Long put "positive yield" on a dividend paying stock

Discussion in 'Options' started by BinaryAlgorithm, Oct 17, 2019.

  1. When I first encountered a positive model theta in IB, I thought there must be some mistake - theta is always negative right? I looked all around online but couldn't find a good explanation for this. So I ran my own analysis using Bjerksund-Stensland in C# (which was a good learning exercise). I plugged in the numbers and the model price aligns with the actual mid price. So far so good.

    positive theta in IB.png

    I used the highlighted option (AGNC, exp 01/17/2020, strike 19) and I ran the model each day from now until expiration, and simulated a price drop on the ex-div dates of the current dividend. This is the "neutral case" which assumes no net price movement in the stock (other than from the dividend).

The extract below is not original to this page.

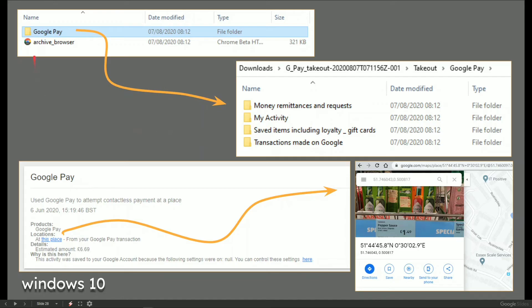If you open up the archive browser part, that opens up in, say for an example, Chrome. And then you've got Google Pay and it lists pretty much where I spent six pounds, sixty nine English pounds.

    The "actual" theta is -0.00431 to -0.00417 throughout the option life (IB and other brokers can't seem to separate this value out, but I wanted to know it), however the monthly dividend creates a "dividend effect" of 0.00533 per day (average). If you combine these together you get an annual gain of about 0.374 (vs. 3.20 option price) or about 11.7% (the stock's div yield is 12.7% currently). The option value is charted below as time passes from this simulation. I am aware the actual market prices in the dividend as it approaches so it would be smoother than this in reality, but it demonstrates the two forces of the dividend vs. time decay.

    option value gain.PNG

    As the call value at this strike is negligible (model = 0.00) I believe the the put's internal sort of "yield" is approximately the yield of the stock minus the risk free rate (I think that's expected by put-call parity). The IB provided theta value * 365 is about 9% over the cost of the option, so I think the true return is somewhere in between (probably a bit lower than the 11.7% I calculated, but over 10%).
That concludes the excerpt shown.